Die häufigsten Fehler

Das Rückrufsignal erfolgt erst, wenn der Hund beim Menschen angekommen ist.

Der Hund soll das Rückrufsignal möglichst schnell mit der Handlung „zum Menschen kommen“ verknüpfen. Erfolgt das neue Signal erst, wenn der Hund bereits beim Menschen angekommen ist, handelt es sich hierbei um die „rückwirkende Konditionierung“, die von allen möglichen Konditionierungsformen am schlechtesten wirkt. Dies erscheint auch logisch, denn der Hund ist bereits beim Menschen angekommen, die eigentliche Handlung ist bereits vorbei. Führt der Hund nun auch noch eine andere Handlung aus, wie z. B. „sich hinsetzen“, „den Menschen anspringen“ oder auch nur „in die Gegend schauen“, besteht die Gefahr, dass es zu einer Fehlkonditionierung kommt und der Hund diese Handlung anstelle des Zurückkommens mit dem neuen Signal verknüpft.

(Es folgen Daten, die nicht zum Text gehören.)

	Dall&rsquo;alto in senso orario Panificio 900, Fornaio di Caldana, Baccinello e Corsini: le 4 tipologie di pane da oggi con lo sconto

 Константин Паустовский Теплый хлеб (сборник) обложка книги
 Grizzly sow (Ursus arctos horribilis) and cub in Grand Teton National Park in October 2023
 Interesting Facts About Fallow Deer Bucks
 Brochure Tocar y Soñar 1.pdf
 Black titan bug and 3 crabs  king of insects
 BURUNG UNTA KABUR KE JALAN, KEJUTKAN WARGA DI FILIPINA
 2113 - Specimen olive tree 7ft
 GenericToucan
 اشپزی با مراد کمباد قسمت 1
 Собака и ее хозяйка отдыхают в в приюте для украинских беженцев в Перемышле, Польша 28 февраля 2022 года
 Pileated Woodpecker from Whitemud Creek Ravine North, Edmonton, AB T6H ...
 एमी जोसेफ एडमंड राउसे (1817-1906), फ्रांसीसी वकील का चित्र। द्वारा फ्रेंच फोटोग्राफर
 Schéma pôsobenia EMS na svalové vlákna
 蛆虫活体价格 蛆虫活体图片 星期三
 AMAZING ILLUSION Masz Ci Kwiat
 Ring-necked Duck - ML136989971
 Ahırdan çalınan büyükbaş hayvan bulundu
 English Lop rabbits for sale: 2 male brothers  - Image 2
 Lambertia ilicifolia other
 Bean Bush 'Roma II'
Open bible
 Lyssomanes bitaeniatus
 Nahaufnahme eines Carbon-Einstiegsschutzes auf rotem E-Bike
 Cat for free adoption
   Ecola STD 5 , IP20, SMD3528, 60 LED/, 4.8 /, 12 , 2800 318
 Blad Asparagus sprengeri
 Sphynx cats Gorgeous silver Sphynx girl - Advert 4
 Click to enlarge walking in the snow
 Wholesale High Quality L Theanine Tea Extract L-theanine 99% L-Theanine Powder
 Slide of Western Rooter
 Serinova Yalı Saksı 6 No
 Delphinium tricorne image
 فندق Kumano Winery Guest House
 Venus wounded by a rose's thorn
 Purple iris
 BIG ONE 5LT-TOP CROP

Der Hund ist nicht aufmerksam

Vielfach kann man beobachten, dass Menschen „Hier“ rufen, obwohl der Hund gar nicht aufmerksam ist. Sprich daher deinen Hund immer erst einmal mit seinem Namen an. Achte dabei auf folgendes: Der Name soll keinesfalls das Rückrufsignal sein bzw. werden! Der Name des Hundes bedeutet für diesen lediglich: „Achtung, du bist gemeint, gleich passiert etwas für dich Wichtiges!“. Reagiert dein Hund nicht auf seinen Namen, brauchst du mit dem Rückruftraining gar nicht erst beginnen. Beende daher das Training und wechsle in eine Umgebung mit weniger Reizen oder übe mit deinem Hund zunächst einmal, dass er auf seinen Namen reagiert. 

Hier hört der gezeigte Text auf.